また、臨海部に位置する鶴見区特有の課題である津波対策という面では、物流施設の運営事業を展開するグローバル・ロジスティック・プロパティーズ株式会社との連携が挙げられます。同社は、生麦2丁目に施設を有していますが、周辺は津波避難対象区域とされているため、地域の皆さまから、『安全性の高いこの施設を使用させてもらえないか』というご要望をいただいていました。
そこで、同社と協議を重ね、10月に、『津波発生時における施設等の提供に関する協定』を締結し、津波避難者に対して、一時的に施設を開放していただけることになりました。また、施設入口が住宅地の反対側にあるなどの課題については、門扉、通路等の設置を協力して行うなど、より安全で効率的に避難ができるよう改善されました。

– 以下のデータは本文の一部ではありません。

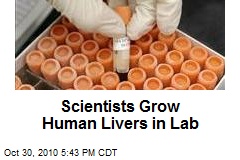 Scientists Grow Human Livers in Lab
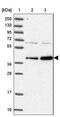 Rab Geranylgeranyltransferase Subunit Alpha antibody, NBP1-87197, Novus Biologicals, Western Blot image 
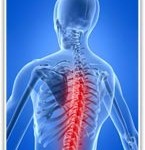 Back_Pain_Spinal_Cord_Stimulation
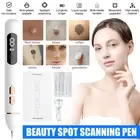 Laser Pen Skin Tag Remover Age Spot Mole Freckle Wart Tattoo Removal 5 x Needles
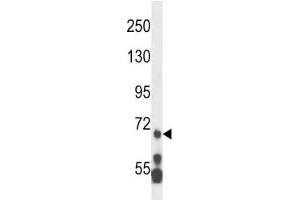Image no. 2 for anti-Myeloid/lymphoid Or Mixed-Lineage Leukemia 5 (Trithorax Homolog) (MLL5) (AA 93-120) antibody (ABIN3031896)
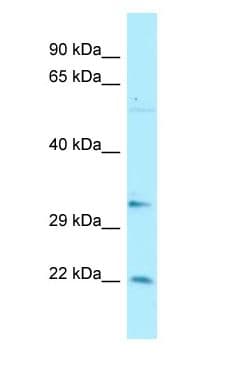 BRMS1 Antibody (aa186-235)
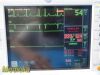 GE Dash 3000 Series , (Masimo SpO2) W/ NEW Patient Leads ~Patient Monitor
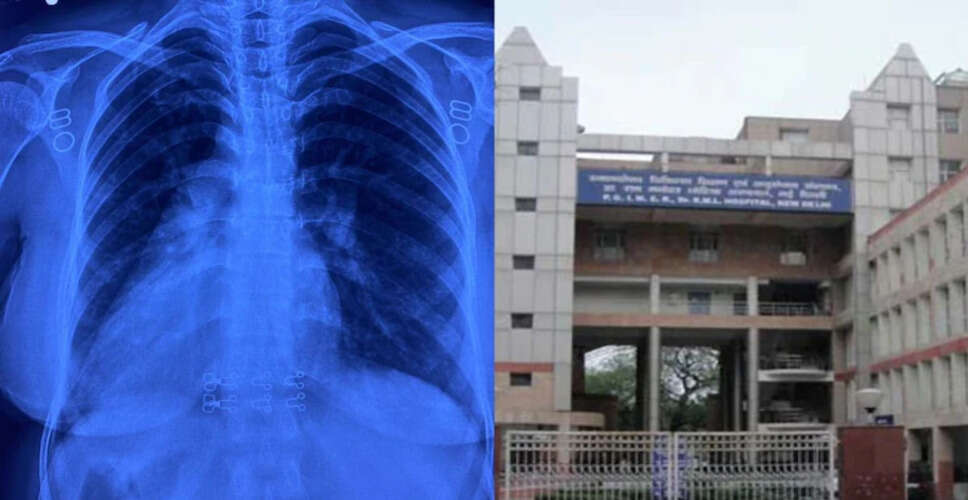 Groundbreaking Surgery in Delhi: Doctors Successfully Operate on Rare Condition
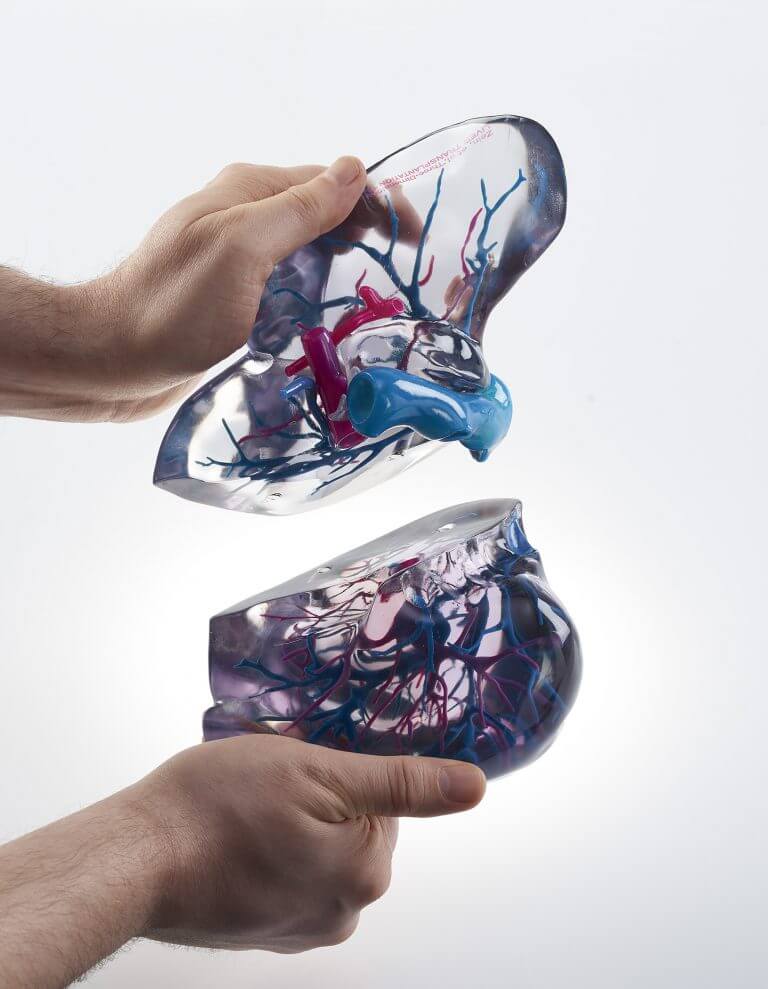 A model of a liver printed on a Stratasys XNUMXD printer, photo - courtesy of the Stratasys company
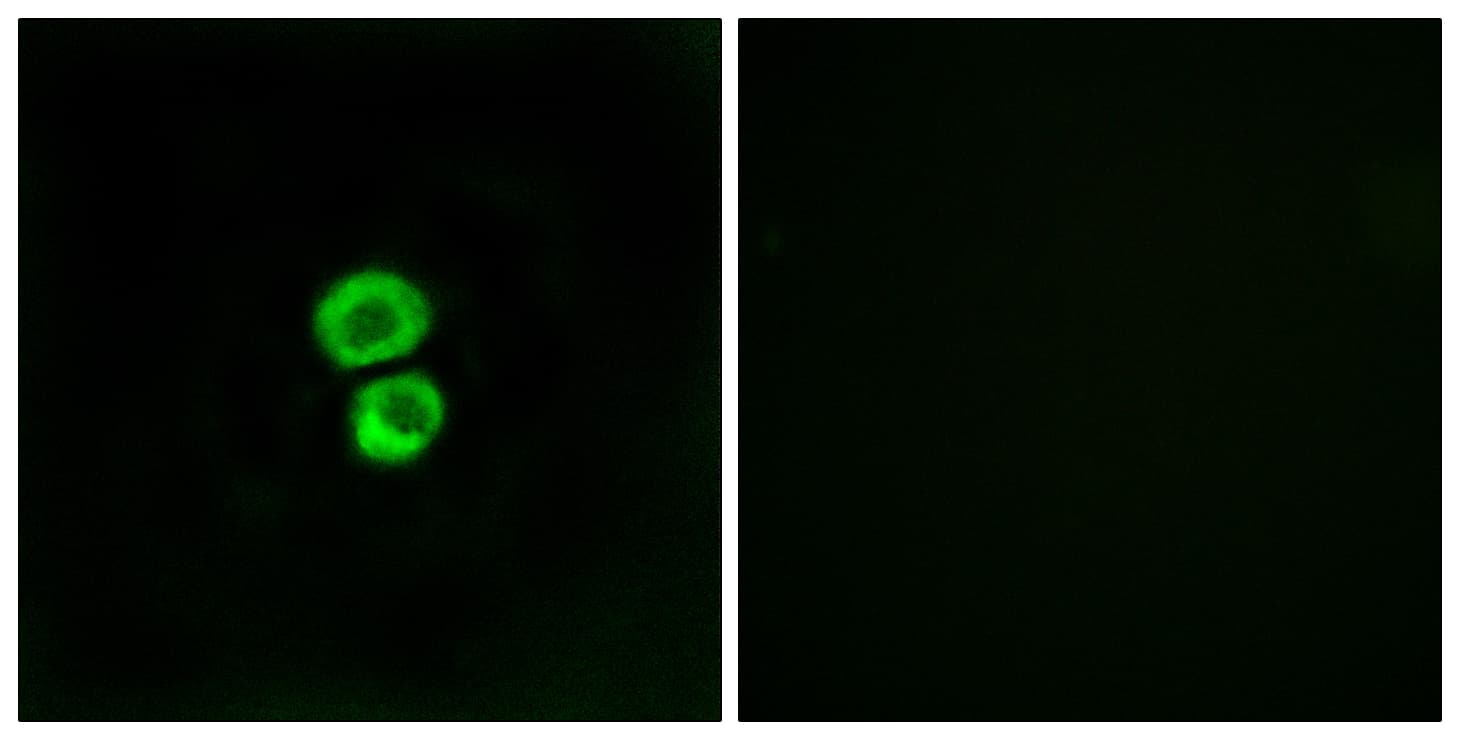 Polyclonal Rabbit anti-Human Fragilis / IFITM3 Antibody (aa1-50, IF, WB)
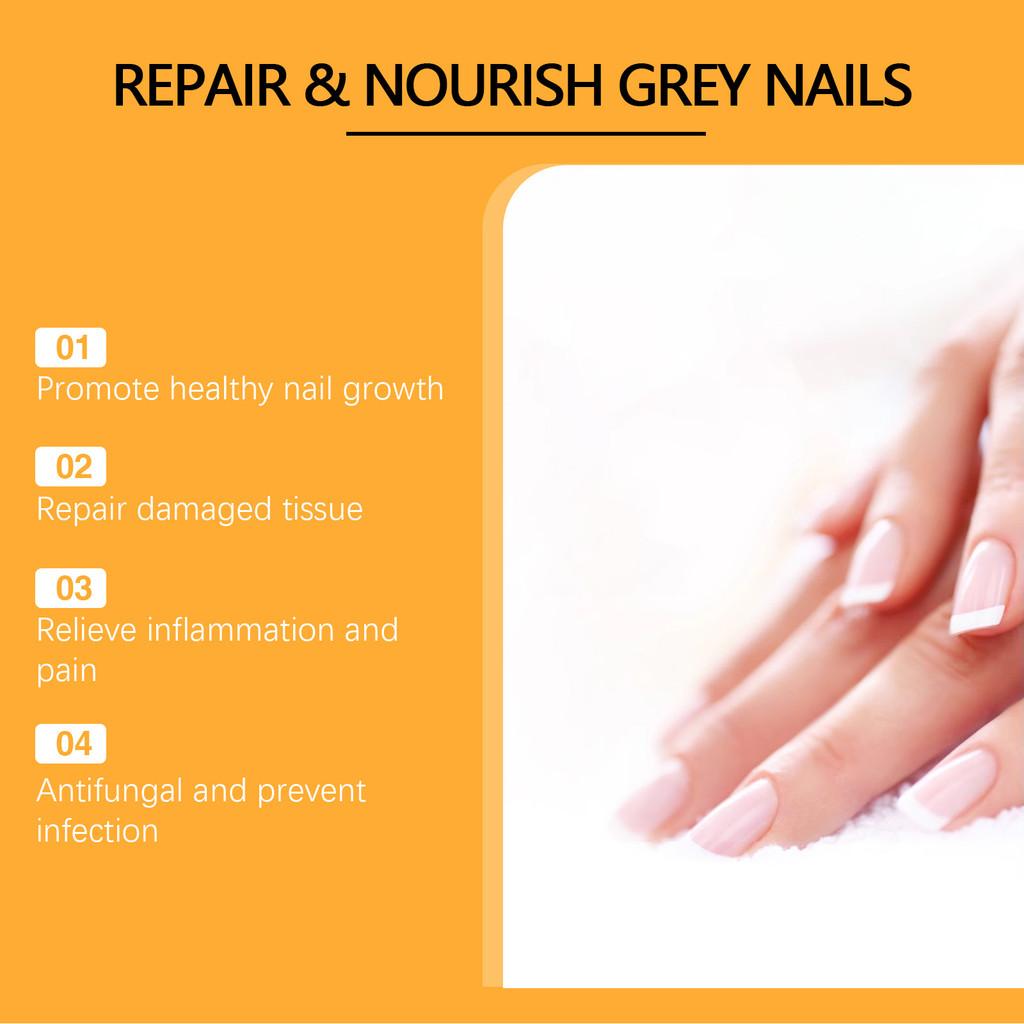 South Moon Nährendes Nagelpflegespray Für Starke Und Glänzende Nägel 100ml Feuchtigkeitsspendende Behandlung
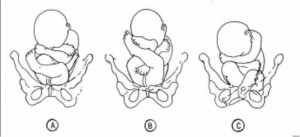 Figure 10-4. Breech positions.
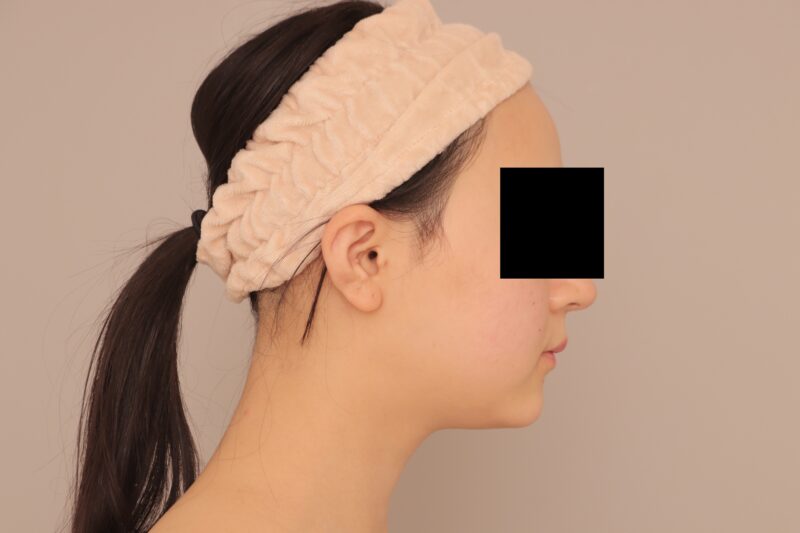 ベイザー脂肪吸引（3か月経過：22）の術前写真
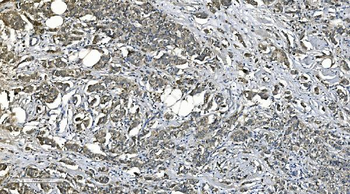 Anti-PNPT1 Antibody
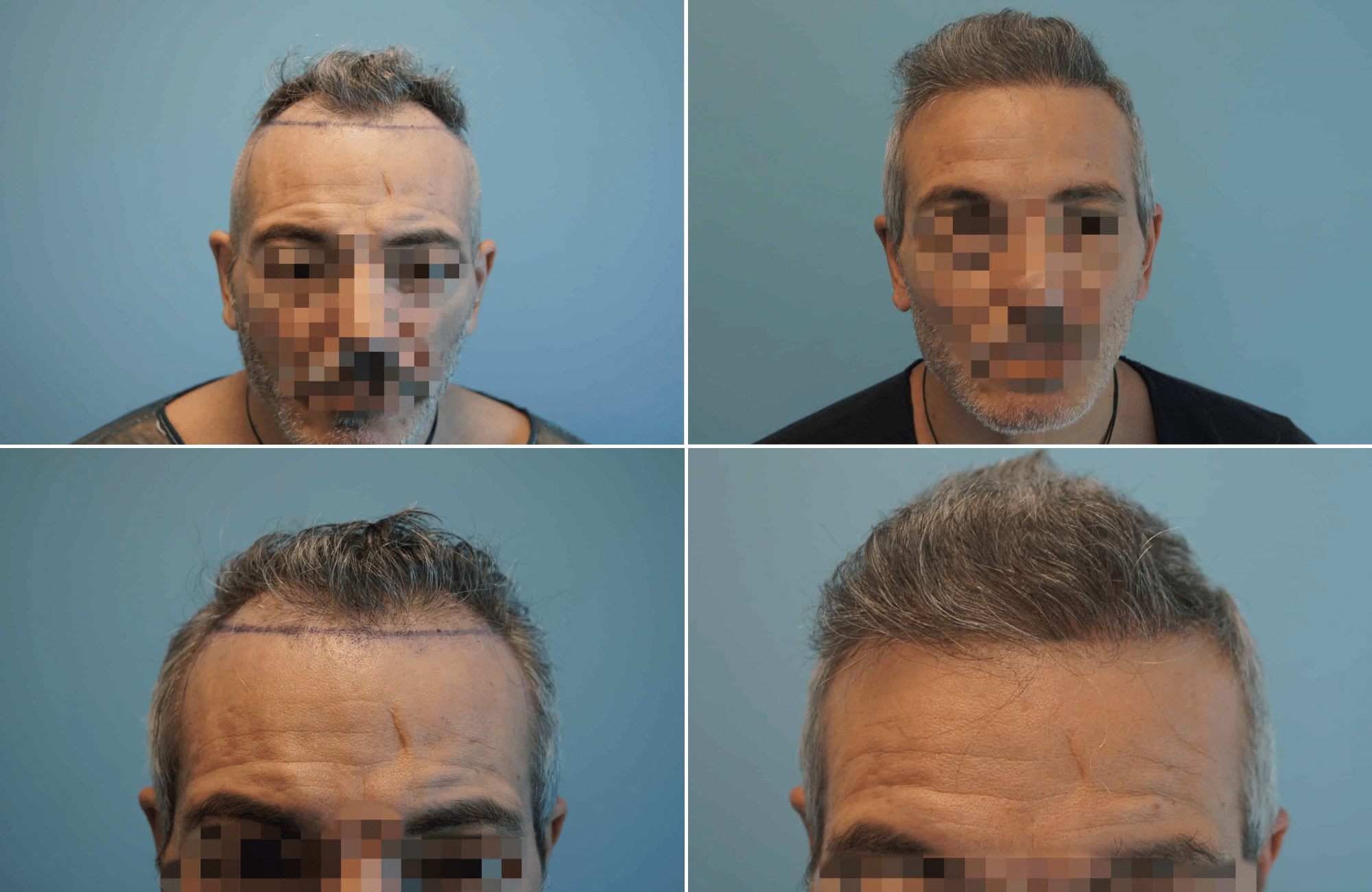https://www.anastasakishairclinic.gr/portfolio/apotelesma-metamosxefsis-mallion-anastasakis-hair-clinic-55/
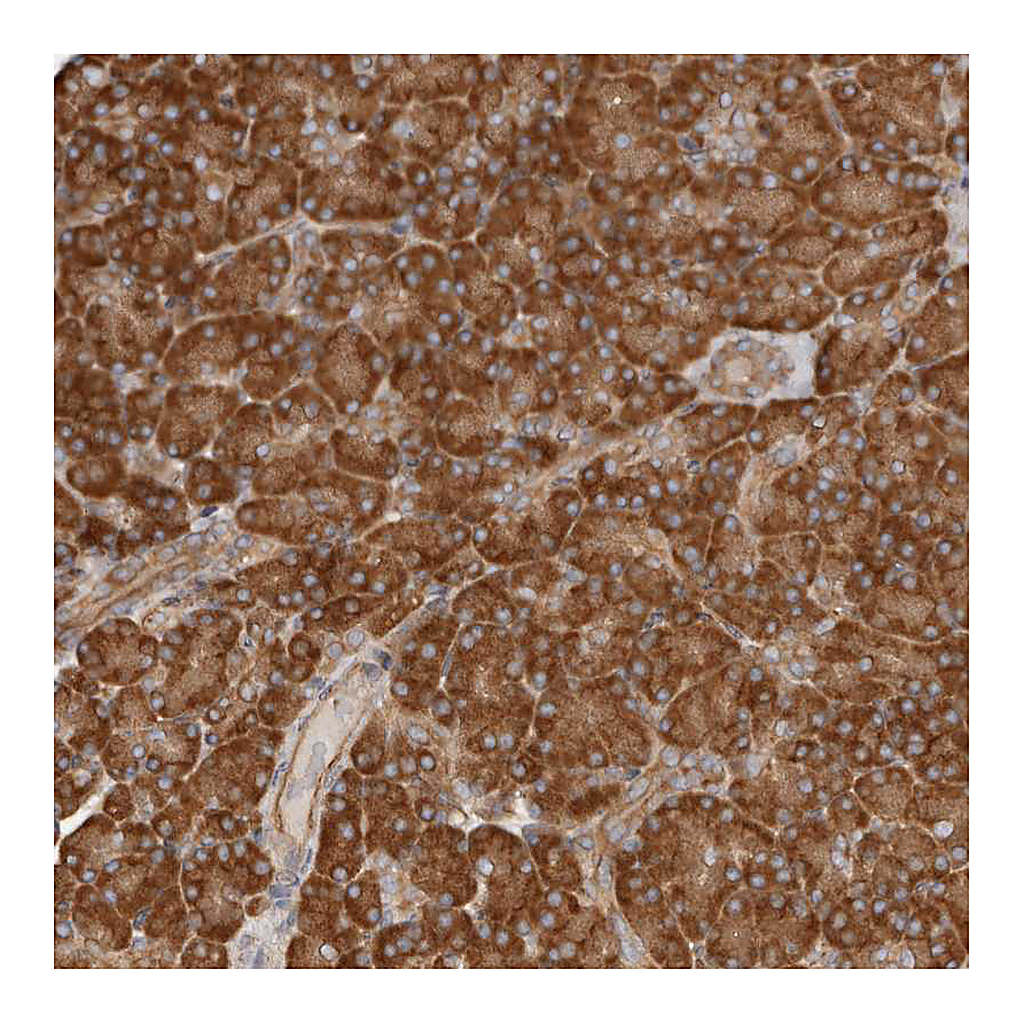 Atlas Antibodies Anti-RPS6 Antibody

さらに、地域と事業者の皆さまとの連携も進められています。6月に、駒岡地区連合会、寺尾地区自治連合会とトレッサ横浜によって、『災害発生時の応援協力に関する覚書』が交わされました。これにより、地域の災害時の一時的な避難場所として、トレッサ横浜を活用させていただけることになりました。さらに10月には、共同防災訓練が行われるなど、今後地域における共助の取組が一層進むものと期待を寄せています」
健康増進へ事業展開
――鶴見区は健康寿命が市内18区中最低レベルにありますが、区民の健康増進のための取組についてお聞かせください。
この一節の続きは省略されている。